PROMPT: The answer is to be the lines below that lie between the line holding "EGR VALVE GASKET" and the line holding "1000014793.mp4", inclusive, transcribed exactly and free of pictures.

[Items from a dataset]
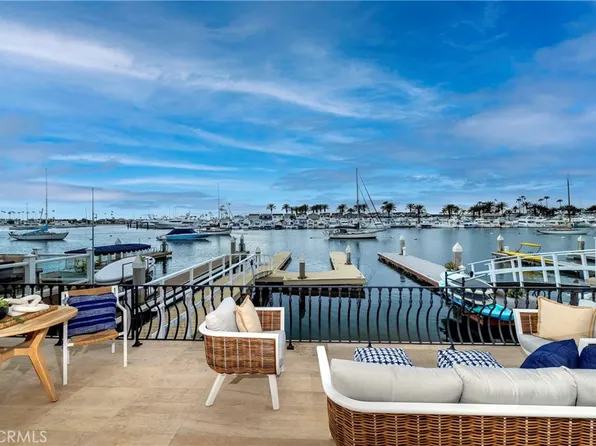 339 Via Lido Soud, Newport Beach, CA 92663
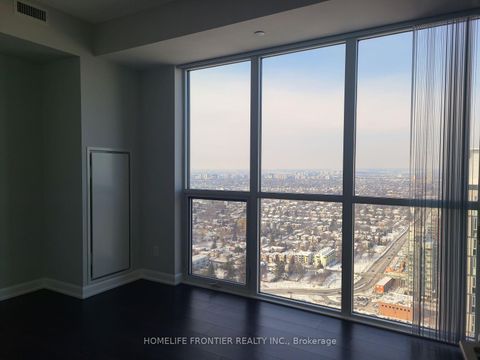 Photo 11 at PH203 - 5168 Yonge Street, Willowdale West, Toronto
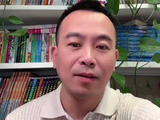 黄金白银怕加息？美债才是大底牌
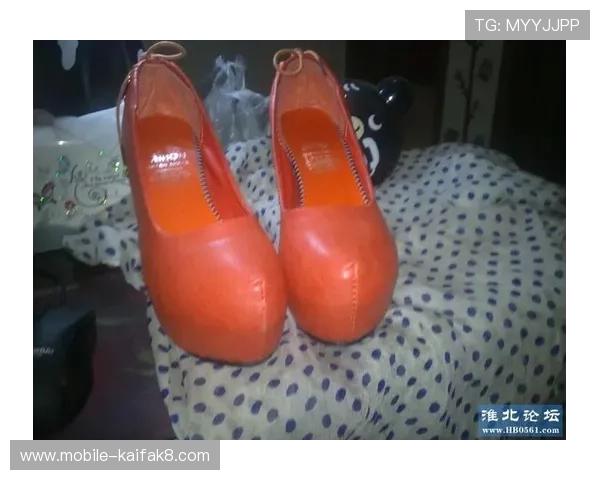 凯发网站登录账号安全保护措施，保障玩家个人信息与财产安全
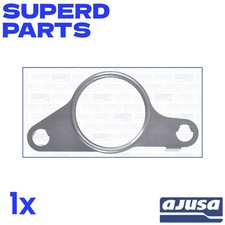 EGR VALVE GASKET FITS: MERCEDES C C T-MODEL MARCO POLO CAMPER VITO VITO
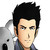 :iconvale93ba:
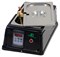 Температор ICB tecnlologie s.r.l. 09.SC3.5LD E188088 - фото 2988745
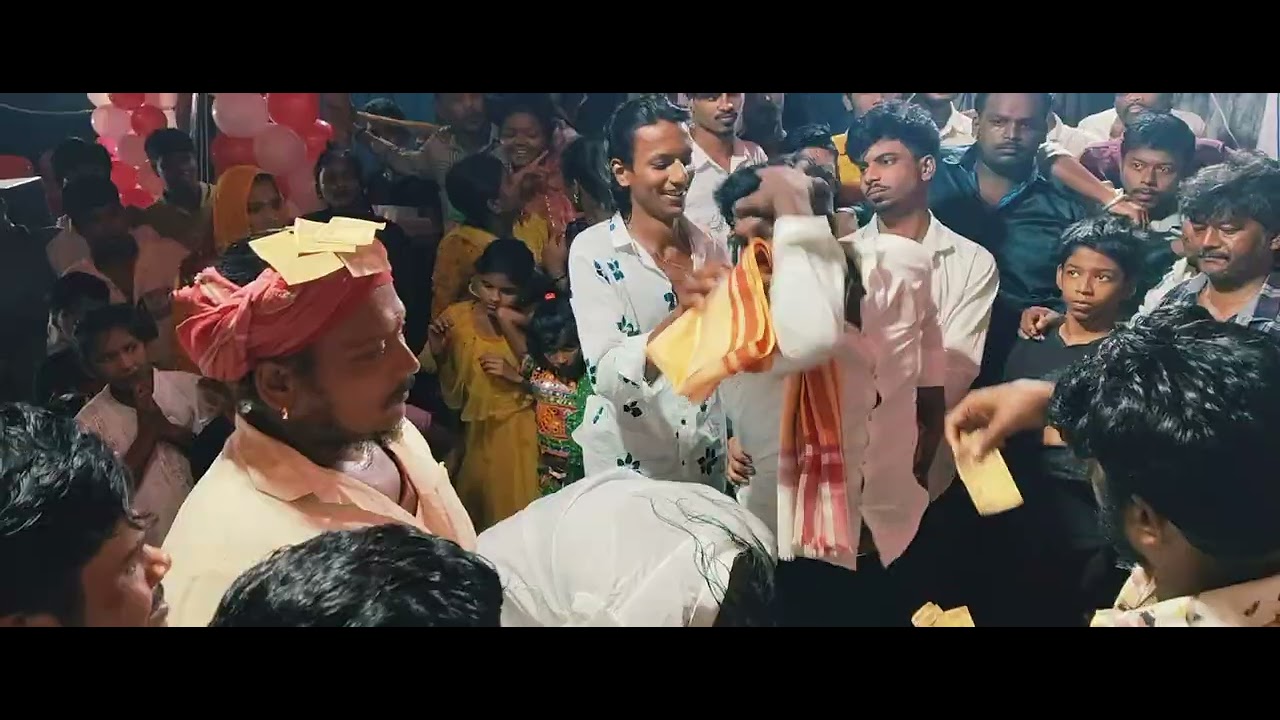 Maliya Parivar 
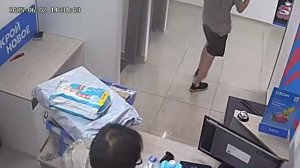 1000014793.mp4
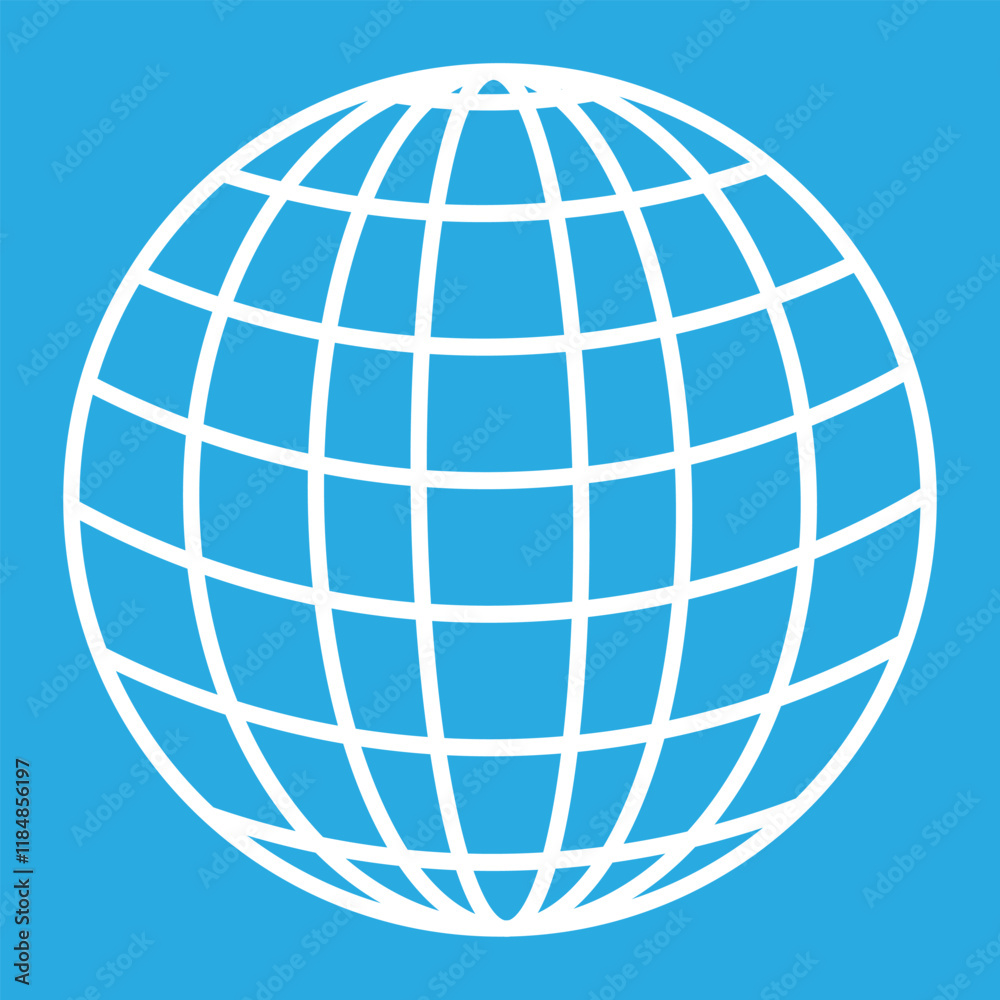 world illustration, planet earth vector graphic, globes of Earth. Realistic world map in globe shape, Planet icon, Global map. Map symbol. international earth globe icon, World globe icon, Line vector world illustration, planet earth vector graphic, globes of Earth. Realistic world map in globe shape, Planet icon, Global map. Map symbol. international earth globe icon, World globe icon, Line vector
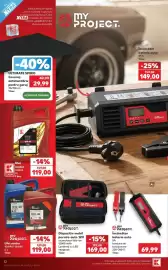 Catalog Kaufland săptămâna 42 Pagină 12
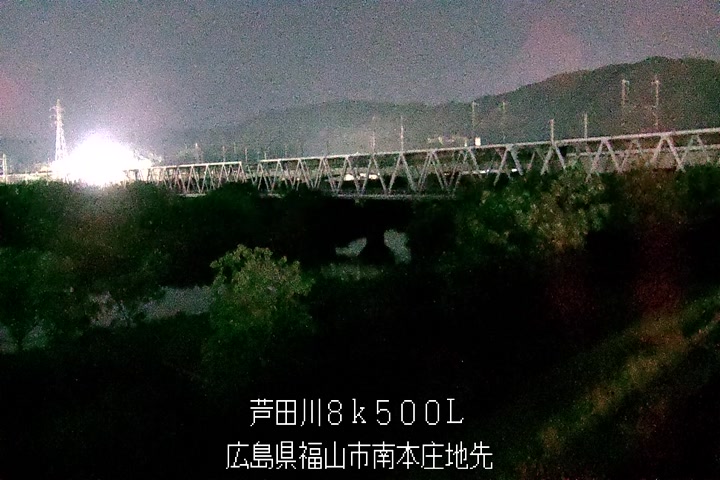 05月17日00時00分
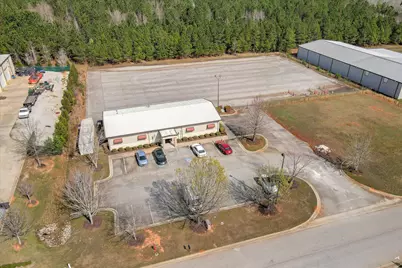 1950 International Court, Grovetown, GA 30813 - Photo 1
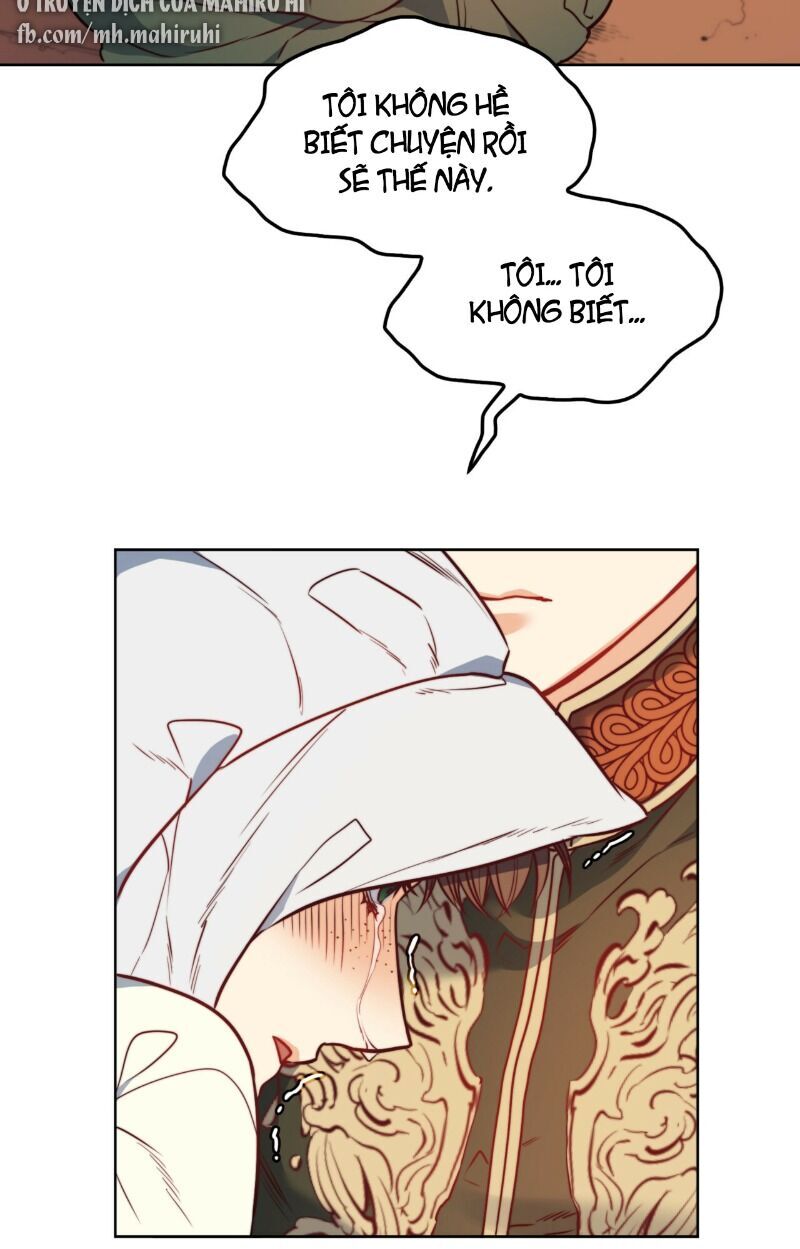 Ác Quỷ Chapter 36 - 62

PROBLEM SOLUTION:
 EGR VALVE GASKET FITS: MERCEDES C C T-MODEL MARCO POLO CAMPER VITO VITO
 :iconvale93ba:
 Температор ICB tecnlologie s.r.l. 09.SC3.5LD E188088 - фото 2988745
 Maliya Parivar 
 1000014793.mp4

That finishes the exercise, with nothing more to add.